Miscellaneous¶

Convert to str¶

Any CharsetNormalizerMatch object can be transformed to exploitable str variable.

my_byte_str = '我没有埋怨，磋砣的只是一些时间。'.encode('gb18030')

# Assign return value so we can fully exploit result
result = CnM.from_bytes(
    my_byte_str
).best().first()

# This should print '我没有埋怨，磋砣的只是一些时间。'
print(str(result))

Expect UnicodeDecodeError¶

This package also offer you the possibility to reconfigure the way UnicodeDecodeError is raised. Charset Normalizer offer the possibility to extend the actual message inside it to provide a clue about what encoding it should actually be.
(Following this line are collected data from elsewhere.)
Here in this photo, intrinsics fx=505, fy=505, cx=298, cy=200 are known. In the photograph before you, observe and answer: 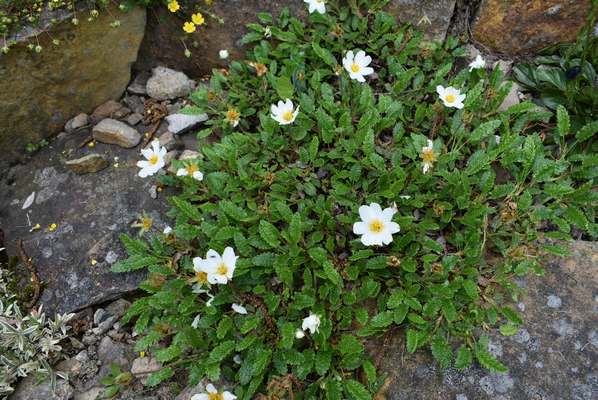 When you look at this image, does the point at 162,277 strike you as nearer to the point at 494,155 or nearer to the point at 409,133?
the point at 409,133

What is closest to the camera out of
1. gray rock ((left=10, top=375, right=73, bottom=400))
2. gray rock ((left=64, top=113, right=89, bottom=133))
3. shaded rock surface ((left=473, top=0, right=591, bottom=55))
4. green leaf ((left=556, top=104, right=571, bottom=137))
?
gray rock ((left=10, top=375, right=73, bottom=400))

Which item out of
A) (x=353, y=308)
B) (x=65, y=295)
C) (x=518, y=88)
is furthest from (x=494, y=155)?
(x=65, y=295)

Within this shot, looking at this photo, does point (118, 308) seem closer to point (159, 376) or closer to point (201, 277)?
point (159, 376)

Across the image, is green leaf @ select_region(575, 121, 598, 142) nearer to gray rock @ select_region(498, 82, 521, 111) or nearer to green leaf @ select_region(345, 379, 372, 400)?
gray rock @ select_region(498, 82, 521, 111)

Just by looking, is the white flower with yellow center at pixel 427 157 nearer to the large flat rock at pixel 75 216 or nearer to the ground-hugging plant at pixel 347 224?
the ground-hugging plant at pixel 347 224

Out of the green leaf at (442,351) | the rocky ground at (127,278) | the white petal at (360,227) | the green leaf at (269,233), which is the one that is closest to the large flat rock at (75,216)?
the rocky ground at (127,278)

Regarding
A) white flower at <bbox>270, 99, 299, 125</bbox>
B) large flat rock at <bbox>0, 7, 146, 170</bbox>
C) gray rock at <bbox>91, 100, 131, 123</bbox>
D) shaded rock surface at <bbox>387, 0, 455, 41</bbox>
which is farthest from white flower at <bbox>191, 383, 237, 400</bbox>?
shaded rock surface at <bbox>387, 0, 455, 41</bbox> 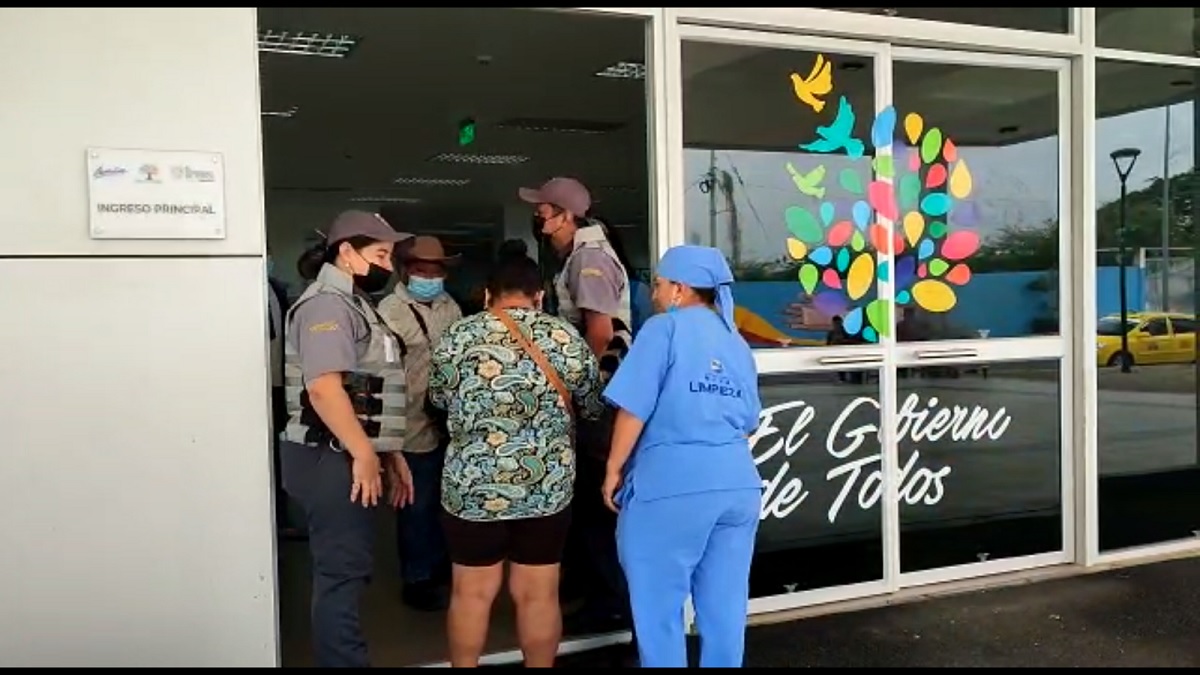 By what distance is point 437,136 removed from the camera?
6391 millimetres

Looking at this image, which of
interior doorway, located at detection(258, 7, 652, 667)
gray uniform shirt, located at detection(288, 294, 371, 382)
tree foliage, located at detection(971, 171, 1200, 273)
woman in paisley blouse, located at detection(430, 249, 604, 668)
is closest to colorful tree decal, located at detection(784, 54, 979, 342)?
tree foliage, located at detection(971, 171, 1200, 273)

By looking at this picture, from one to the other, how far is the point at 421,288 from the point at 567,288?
2.01 feet

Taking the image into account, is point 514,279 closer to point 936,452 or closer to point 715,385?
point 715,385

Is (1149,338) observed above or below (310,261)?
below

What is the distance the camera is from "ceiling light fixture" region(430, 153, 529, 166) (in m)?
6.21

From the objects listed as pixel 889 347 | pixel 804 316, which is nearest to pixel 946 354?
pixel 889 347

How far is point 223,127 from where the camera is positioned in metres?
3.14

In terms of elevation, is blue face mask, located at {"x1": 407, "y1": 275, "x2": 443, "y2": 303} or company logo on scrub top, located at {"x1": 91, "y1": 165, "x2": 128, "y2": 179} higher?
company logo on scrub top, located at {"x1": 91, "y1": 165, "x2": 128, "y2": 179}

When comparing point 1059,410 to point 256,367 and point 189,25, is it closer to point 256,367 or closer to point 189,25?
point 256,367

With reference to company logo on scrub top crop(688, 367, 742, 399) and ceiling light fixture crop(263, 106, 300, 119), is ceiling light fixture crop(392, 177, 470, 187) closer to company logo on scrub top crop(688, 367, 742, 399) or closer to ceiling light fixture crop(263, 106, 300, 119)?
ceiling light fixture crop(263, 106, 300, 119)

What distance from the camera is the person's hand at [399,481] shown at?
348cm

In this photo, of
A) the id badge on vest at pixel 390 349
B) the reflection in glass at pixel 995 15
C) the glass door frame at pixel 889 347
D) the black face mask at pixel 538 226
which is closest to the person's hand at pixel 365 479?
the id badge on vest at pixel 390 349

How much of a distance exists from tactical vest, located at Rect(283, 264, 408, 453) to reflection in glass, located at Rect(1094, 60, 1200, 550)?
3.32 metres

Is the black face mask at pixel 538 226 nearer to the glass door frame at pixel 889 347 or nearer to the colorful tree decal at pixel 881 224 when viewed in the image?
the glass door frame at pixel 889 347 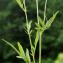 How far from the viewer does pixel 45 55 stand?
3453mm

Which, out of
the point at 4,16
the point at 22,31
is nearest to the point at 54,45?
the point at 22,31

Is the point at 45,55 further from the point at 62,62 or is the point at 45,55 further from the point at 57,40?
the point at 62,62

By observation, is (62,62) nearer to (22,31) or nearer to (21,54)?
(21,54)

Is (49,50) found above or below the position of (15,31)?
below

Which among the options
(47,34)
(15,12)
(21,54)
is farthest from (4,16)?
(21,54)

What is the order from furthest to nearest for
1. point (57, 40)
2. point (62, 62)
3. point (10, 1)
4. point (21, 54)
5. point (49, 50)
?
point (10, 1) < point (49, 50) < point (57, 40) < point (21, 54) < point (62, 62)

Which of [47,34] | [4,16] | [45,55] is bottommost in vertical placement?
[45,55]

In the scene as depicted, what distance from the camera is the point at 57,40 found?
321 centimetres

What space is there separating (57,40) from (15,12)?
1.85 ft

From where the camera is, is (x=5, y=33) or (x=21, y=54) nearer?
(x=21, y=54)

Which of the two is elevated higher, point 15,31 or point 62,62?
point 62,62

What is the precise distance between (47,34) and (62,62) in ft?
8.29

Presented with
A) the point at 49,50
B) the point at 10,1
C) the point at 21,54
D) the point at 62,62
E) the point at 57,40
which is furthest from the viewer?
the point at 10,1

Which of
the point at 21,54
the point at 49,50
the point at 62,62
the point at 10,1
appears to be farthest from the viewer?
the point at 10,1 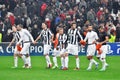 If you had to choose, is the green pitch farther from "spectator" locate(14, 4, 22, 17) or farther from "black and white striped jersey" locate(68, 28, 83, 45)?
"spectator" locate(14, 4, 22, 17)

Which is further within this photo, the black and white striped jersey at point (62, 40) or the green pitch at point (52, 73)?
the black and white striped jersey at point (62, 40)

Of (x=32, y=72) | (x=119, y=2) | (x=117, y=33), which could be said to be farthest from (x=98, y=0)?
(x=32, y=72)

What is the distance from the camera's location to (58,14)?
43.2 meters

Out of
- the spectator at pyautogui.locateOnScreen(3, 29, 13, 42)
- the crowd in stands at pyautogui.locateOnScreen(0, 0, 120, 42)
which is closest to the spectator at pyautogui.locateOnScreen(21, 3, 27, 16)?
the crowd in stands at pyautogui.locateOnScreen(0, 0, 120, 42)

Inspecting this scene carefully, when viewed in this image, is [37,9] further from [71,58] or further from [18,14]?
[71,58]

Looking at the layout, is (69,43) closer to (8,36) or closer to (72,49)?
(72,49)

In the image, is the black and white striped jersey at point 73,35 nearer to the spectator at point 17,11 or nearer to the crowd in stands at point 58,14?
the crowd in stands at point 58,14

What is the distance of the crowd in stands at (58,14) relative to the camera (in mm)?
41031

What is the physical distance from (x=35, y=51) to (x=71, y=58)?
9.93 ft

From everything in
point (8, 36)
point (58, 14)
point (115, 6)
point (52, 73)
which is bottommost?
point (52, 73)

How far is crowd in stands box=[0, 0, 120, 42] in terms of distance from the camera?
135ft

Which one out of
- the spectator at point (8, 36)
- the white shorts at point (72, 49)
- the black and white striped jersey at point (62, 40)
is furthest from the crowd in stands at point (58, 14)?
the white shorts at point (72, 49)

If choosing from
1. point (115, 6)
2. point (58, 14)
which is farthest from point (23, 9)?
point (115, 6)

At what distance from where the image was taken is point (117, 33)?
42062 millimetres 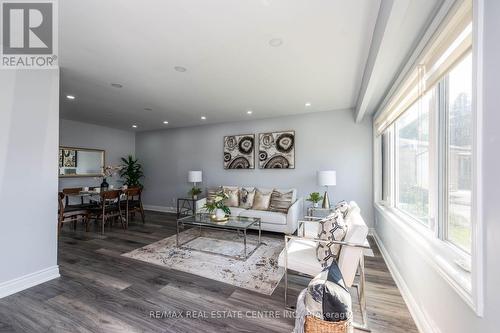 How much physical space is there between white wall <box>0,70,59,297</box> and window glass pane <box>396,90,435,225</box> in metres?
4.04

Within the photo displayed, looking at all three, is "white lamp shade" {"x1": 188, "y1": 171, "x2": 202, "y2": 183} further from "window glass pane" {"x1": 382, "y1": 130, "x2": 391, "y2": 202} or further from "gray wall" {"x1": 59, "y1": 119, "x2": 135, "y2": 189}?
"window glass pane" {"x1": 382, "y1": 130, "x2": 391, "y2": 202}

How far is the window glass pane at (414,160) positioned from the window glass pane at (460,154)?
28 cm

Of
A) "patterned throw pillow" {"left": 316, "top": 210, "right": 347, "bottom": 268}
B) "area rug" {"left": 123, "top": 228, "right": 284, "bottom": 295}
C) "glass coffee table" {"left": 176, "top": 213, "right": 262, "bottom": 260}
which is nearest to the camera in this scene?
"patterned throw pillow" {"left": 316, "top": 210, "right": 347, "bottom": 268}

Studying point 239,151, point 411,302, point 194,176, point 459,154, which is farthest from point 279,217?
point 459,154

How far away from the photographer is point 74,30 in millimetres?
1934

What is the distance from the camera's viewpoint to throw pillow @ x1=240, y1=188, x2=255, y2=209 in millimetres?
4730

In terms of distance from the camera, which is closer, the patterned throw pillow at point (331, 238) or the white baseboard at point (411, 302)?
the white baseboard at point (411, 302)

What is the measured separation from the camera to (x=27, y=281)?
7.52ft

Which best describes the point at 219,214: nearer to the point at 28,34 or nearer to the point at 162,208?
the point at 28,34

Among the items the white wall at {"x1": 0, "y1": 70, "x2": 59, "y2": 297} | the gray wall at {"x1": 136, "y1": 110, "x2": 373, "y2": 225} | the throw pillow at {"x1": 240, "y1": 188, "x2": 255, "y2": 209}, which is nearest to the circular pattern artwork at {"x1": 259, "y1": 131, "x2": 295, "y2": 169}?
the gray wall at {"x1": 136, "y1": 110, "x2": 373, "y2": 225}

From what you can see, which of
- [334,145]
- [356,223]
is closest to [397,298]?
[356,223]

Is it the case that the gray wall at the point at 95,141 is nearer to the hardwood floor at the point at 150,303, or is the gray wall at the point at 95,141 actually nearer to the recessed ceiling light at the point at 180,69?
the hardwood floor at the point at 150,303

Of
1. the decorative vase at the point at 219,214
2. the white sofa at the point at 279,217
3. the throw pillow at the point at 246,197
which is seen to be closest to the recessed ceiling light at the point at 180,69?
the decorative vase at the point at 219,214

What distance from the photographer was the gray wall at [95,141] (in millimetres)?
5301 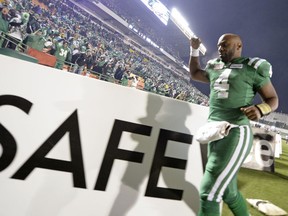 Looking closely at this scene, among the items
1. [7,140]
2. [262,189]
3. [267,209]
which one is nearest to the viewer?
[7,140]

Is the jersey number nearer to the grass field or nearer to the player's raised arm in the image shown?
the player's raised arm

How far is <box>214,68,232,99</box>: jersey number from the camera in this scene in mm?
1993

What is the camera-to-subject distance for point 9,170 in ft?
5.93

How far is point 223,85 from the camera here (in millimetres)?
2018

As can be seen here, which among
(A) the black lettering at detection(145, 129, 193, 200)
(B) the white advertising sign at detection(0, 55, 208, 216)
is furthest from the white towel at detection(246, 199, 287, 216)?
(A) the black lettering at detection(145, 129, 193, 200)

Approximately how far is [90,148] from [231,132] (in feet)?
3.26

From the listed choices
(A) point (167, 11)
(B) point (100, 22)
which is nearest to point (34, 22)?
(B) point (100, 22)

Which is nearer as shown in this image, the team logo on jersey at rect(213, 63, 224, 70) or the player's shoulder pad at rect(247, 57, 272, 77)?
the player's shoulder pad at rect(247, 57, 272, 77)

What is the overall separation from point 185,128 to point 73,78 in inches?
38.4

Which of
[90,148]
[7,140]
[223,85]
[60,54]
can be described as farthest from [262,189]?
[60,54]

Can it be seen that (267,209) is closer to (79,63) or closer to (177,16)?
(79,63)

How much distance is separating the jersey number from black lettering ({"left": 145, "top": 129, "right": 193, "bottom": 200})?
474mm

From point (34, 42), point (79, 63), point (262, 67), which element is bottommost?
point (262, 67)

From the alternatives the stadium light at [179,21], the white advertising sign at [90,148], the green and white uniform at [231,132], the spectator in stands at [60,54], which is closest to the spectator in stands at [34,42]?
the spectator in stands at [60,54] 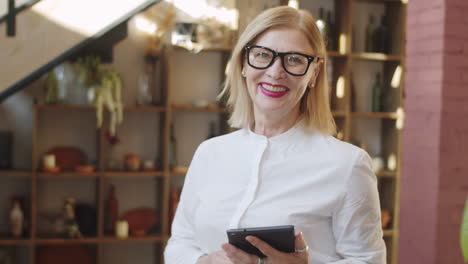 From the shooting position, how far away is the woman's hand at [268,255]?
4.23 feet

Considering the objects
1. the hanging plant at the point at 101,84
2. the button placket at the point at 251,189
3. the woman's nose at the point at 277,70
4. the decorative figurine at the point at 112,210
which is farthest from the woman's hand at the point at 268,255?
the decorative figurine at the point at 112,210

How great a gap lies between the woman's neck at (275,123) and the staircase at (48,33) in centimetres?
200

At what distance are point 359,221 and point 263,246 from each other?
0.84 feet

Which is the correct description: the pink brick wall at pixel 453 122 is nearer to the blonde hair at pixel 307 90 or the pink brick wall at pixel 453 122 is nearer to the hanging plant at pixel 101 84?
the blonde hair at pixel 307 90

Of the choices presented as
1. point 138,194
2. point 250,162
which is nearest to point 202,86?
point 138,194

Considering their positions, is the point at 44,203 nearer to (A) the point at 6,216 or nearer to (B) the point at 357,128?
(A) the point at 6,216

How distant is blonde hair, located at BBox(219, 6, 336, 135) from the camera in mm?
1438

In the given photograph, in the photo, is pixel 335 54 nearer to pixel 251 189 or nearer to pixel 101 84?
pixel 101 84

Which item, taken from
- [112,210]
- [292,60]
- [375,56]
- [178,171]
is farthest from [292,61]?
[375,56]

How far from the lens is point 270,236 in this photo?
4.18ft

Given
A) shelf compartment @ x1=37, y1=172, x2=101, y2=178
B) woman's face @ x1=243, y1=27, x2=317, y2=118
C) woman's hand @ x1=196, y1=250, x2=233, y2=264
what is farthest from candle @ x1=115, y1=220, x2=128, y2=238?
woman's face @ x1=243, y1=27, x2=317, y2=118

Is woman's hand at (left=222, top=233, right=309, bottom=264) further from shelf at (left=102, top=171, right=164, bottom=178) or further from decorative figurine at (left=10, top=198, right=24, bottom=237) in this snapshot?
decorative figurine at (left=10, top=198, right=24, bottom=237)

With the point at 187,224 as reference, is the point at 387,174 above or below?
below

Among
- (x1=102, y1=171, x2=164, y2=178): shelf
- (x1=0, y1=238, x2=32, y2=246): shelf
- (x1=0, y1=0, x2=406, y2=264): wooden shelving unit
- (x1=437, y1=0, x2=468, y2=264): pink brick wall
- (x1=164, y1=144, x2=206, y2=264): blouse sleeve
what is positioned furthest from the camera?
(x1=102, y1=171, x2=164, y2=178): shelf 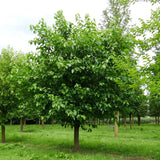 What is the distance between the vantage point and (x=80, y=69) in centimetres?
1063

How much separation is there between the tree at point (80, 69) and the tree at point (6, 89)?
22.0 feet

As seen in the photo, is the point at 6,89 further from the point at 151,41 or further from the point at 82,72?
the point at 151,41

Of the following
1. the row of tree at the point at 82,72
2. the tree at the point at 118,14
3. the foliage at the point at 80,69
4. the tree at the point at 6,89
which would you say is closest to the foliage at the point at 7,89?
the tree at the point at 6,89

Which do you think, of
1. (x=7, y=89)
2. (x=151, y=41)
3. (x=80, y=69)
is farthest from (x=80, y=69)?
(x=7, y=89)

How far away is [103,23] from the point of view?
76.0 feet

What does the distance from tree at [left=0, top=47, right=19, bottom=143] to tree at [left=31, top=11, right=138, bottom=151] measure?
671 cm

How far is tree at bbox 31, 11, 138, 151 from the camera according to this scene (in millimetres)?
10867

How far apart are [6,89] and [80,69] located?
10.8m

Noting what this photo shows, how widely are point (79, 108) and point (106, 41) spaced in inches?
193

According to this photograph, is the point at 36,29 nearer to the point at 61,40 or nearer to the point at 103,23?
the point at 61,40

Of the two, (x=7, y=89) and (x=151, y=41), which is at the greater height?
(x=151, y=41)

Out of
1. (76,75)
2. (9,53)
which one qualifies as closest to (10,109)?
(9,53)

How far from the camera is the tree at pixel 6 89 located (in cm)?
1791

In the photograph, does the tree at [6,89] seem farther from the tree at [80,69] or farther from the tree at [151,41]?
the tree at [151,41] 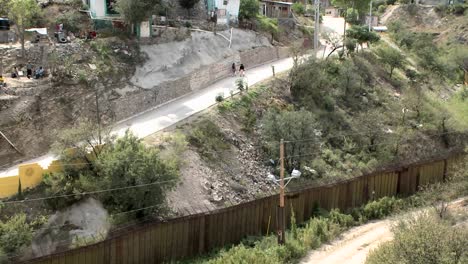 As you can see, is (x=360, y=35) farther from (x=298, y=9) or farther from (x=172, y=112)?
(x=172, y=112)

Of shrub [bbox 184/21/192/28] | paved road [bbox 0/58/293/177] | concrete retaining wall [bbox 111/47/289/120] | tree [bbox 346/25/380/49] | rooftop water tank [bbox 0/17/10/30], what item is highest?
rooftop water tank [bbox 0/17/10/30]

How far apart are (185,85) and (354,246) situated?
17.2m

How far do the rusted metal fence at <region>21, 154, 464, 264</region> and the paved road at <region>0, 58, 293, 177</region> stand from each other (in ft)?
21.0

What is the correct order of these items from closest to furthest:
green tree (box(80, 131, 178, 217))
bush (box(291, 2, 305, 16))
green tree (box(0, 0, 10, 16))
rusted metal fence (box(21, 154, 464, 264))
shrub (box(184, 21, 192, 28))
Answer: rusted metal fence (box(21, 154, 464, 264)), green tree (box(80, 131, 178, 217)), green tree (box(0, 0, 10, 16)), shrub (box(184, 21, 192, 28)), bush (box(291, 2, 305, 16))

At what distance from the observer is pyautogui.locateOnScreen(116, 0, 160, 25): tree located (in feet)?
120

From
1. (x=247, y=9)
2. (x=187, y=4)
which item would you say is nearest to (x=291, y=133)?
(x=187, y=4)

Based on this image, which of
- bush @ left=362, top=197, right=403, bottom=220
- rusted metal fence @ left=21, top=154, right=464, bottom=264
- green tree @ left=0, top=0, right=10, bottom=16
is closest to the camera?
rusted metal fence @ left=21, top=154, right=464, bottom=264

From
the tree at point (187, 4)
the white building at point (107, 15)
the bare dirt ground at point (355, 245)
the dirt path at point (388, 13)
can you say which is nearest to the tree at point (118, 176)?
the bare dirt ground at point (355, 245)

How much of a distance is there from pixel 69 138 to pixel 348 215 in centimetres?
1708

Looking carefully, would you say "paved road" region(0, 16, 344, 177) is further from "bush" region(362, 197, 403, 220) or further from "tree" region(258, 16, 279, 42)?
"bush" region(362, 197, 403, 220)

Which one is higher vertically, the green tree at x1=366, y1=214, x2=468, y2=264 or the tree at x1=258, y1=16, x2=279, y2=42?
the tree at x1=258, y1=16, x2=279, y2=42

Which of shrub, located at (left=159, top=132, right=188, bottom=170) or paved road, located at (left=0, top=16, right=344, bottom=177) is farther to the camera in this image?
paved road, located at (left=0, top=16, right=344, bottom=177)

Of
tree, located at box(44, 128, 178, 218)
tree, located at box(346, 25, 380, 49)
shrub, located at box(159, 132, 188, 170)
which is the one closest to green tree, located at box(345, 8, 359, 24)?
tree, located at box(346, 25, 380, 49)

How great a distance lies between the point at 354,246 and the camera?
91.4 ft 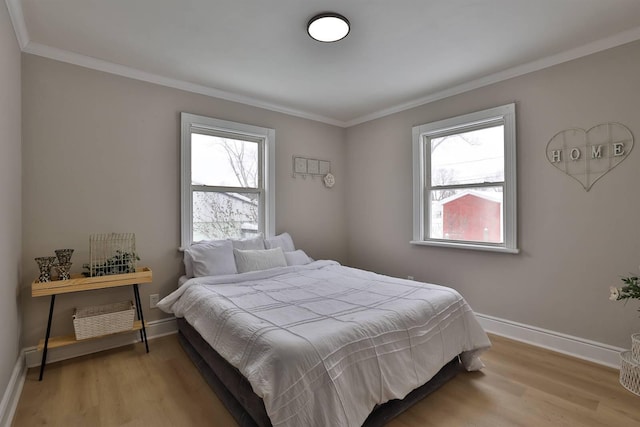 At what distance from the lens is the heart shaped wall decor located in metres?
2.38

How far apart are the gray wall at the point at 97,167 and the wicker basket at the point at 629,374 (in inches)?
144

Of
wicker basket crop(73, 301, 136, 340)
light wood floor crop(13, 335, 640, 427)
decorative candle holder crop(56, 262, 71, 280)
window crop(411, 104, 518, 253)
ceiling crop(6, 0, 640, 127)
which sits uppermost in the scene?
ceiling crop(6, 0, 640, 127)

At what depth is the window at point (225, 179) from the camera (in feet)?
10.6

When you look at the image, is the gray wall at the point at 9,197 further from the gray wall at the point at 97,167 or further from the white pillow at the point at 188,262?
the white pillow at the point at 188,262

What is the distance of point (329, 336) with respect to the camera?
1601 millimetres

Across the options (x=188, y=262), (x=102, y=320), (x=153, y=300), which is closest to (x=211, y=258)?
(x=188, y=262)

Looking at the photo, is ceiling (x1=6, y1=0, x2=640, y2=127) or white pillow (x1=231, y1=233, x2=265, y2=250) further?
white pillow (x1=231, y1=233, x2=265, y2=250)

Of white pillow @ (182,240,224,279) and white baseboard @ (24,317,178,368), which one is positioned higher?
white pillow @ (182,240,224,279)

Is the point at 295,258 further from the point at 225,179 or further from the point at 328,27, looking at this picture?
the point at 328,27

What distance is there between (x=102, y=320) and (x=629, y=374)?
382 cm

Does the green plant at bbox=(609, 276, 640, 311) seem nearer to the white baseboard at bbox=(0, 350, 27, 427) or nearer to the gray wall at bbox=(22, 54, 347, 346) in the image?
→ the gray wall at bbox=(22, 54, 347, 346)

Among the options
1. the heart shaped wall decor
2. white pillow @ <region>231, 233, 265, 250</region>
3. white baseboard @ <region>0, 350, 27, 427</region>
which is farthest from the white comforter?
the heart shaped wall decor

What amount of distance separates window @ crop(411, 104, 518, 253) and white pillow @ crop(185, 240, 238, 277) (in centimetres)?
213

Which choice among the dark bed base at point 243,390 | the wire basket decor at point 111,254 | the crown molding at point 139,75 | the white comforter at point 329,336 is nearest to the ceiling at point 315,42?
the crown molding at point 139,75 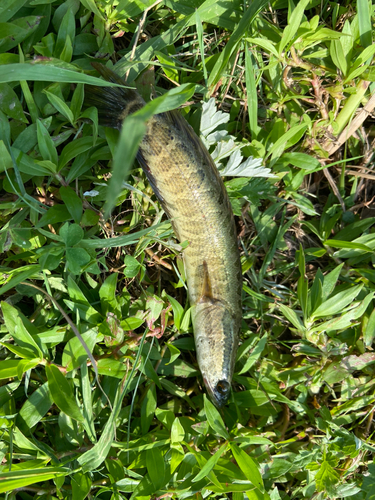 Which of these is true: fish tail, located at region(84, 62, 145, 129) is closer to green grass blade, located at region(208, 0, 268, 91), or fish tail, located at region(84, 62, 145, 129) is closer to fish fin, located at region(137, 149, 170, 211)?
fish fin, located at region(137, 149, 170, 211)

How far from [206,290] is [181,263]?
0.94 ft

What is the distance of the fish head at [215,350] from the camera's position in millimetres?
2951

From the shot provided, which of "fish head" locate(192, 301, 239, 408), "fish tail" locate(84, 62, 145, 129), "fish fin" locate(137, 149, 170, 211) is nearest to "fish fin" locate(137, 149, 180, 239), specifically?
"fish fin" locate(137, 149, 170, 211)

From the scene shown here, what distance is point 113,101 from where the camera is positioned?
256cm

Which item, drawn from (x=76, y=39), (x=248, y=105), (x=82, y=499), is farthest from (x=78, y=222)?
(x=82, y=499)

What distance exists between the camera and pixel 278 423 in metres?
3.20

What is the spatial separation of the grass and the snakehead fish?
0.14 meters

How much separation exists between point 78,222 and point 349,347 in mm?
2376

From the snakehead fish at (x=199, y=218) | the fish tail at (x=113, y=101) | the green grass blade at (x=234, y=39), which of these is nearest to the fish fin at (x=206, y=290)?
the snakehead fish at (x=199, y=218)

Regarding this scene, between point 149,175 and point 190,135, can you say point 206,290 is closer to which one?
point 149,175

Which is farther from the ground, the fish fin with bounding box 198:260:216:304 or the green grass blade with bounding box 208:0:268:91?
the green grass blade with bounding box 208:0:268:91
import charset_normalizer  # Nothing else is needed

my_byte_str = '我没有埋怨，磋砣的只是一些时间。'.encode('gb18030')
my_byte_str.decode('utf_8')  # raise UnicodeDecodeError

# UnicodeDecodeError: 'utf-8' codec can't decode byte 0xce in position 0: invalid continuation byte; you may want to consider gb18030 codec for this sequence.
# instead of
# UnicodeDecodeError: 'utf-8' codec can't decode byte 0xce in position 0: invalid continuation byte

Here, the addition is “you may want to consider gb18030 codec for this sequence.”. Is does not work when using try .. except block.